LA DOLCE VITA di Federico Fellini (1960)

17 Nov

Morandini: Viaggio attraverso il disgusto, cinegiornale e affresco di una Roma raccontata come una Babilonia precristiana, affascinante e turpe. Una materia da giornale in rotocalco trasfigurata in epica. Uno spartiacque nel cinema italiano, un film-cerniera nell’itinerario felliniano con la sua costruzione ad affresco, a blocchi narrativi e retrospettivamente un film storico che interpreta con acutezza un momento nella storia d’Italia. Dopo lo scandalo ecclesiastico e politico, un successo mondiale. Lanciò, anche a livello internazionale, il termine “paparazzo”.

Mauro Gervasini: (…) non è solo un film, ma è ormai un modo di dire, persino una categoria esistenziale. Poteva esserci maggior paradosso per il capolavoro di Fellini che quello di diventare “luogo comune” negando nel suo diffondersi il proprio significato? Eppure non crediamo che esista nel nostro cinema un film più disperato di questo, che oltretutto sembra parlarci sempre dell’oggi, di come siamo e sicuramente saremo. Ancor più disperato, se si pensa che nel 1961 fu campione di incassi della stagione, esattamente come NON succederebbe oggi. Marcello non è Federico, ma siamo noi, o almeno quelli di noi che riescono a percepire come dietro quel refrain “Dolce vita” ci sia un mondo effimero, molto amaro.

Film TV: Marcello, malgrado le proprie ambizioni di scrittore, si è adattato al ruolo di giornalista mondano. Conosce e frequenta così il mondo dorato che gravita attorno a via Veneto, ne assorbe la mentalità e ne copia i comportamenti. Anche la sua vita sentimentale è sregolata per le avventure occasionali che logorano il suo rapporto con Emma, la donna con cui vive. Nemmeno la tragedia dell’intellettuale Steiner lo scuote. Fellini confessa la propria crisi (che è la crisi di un’epoca) dando voce al suo fedelissimo alter ego Mastroianni, e guidandolo attraverso l’affresco di una città dipinta con lirico sconforto.
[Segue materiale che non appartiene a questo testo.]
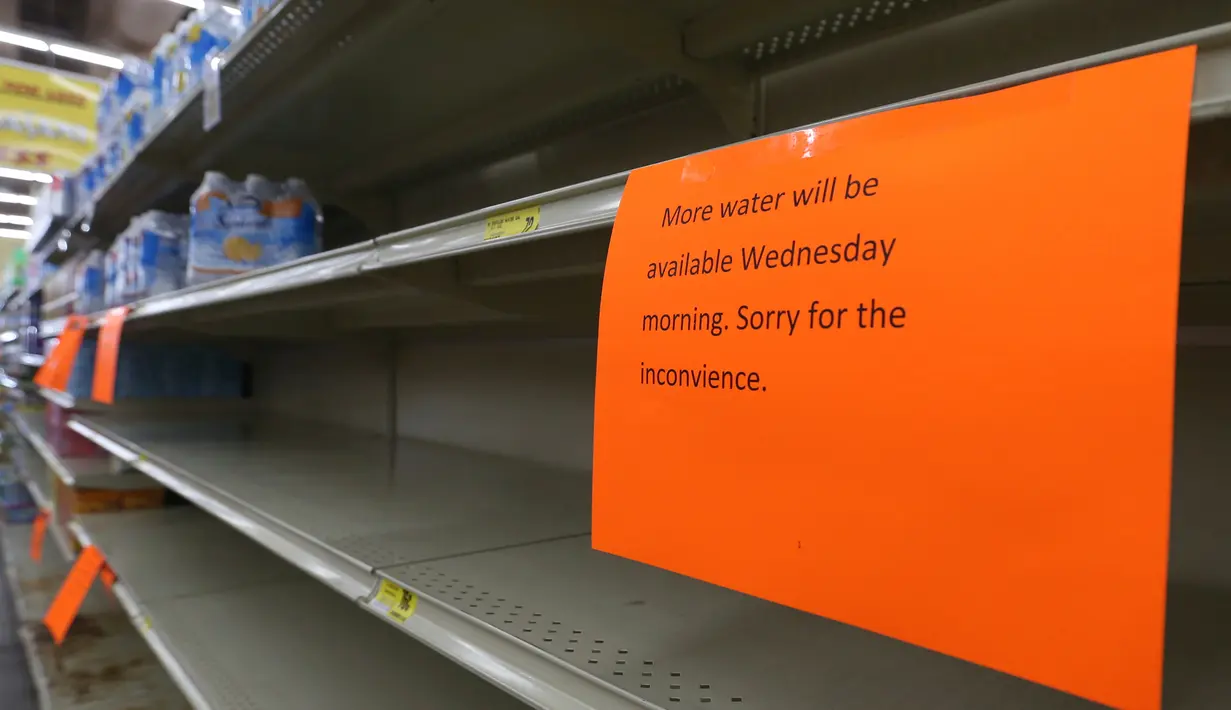 Rak yang biasanya berisi air mineral terlihat kosong di toko Piggly Wiggly di Panama City, Selasa (5/9). Warga memborong stok makanan dan air setelah Florida mengumumkan keadaan darurat menjelang kedatangan badai Irma. (Patti Blake/News Herald via AP)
Mereghetti: (…) un affresco composito di un mondo senza più nessun punto di riferimento, un viaggio nella notte durante il sonno della ragione, attraverso una civiltà corrotta e putrescente nella quale tutto crolla di schianto, valori autentici e falsi miti, tradizioni secolari e convinzioni nate appena ieri. Cult movie anche all’estero.

LA STRADA di Federico Fellini (1954)

20 Set

Morandini: Parabola cristiana sul peccato, apologo sulla condizione umana in generale e della donna in particolare, è anche una picaresca escursione attraverso i paesaggi dell’Appennino centrale. Maschere più che personaggi veri di questa favola on the road, lo Zampanò di A. Quinn e la Gelsomina di G. Masina (faccia da clown, miscela di Harpo Marx, Chaplin e una bambola) divennero simboli. Scritto con E. Flaiano e T. Pinelli.

Mereghetti: Il film che fece conoscere Fellini al pubblico di tutto il mondo oggi sembra sopravvalutato e la sua poesia miserabilista e patetica suona un po’ facile. L’accento sincero e pudico con cui Fellini alla fine del neorealismo, ritrae personaggi che non rappresentano nulla se non il proprio mondo, continua comunque a colpire lo spettatore e bisogna essere delle pietre per non commuoversi. Splendida la prova dei tre protagonisti e una delle migliori colonne sonore di Nino Rota.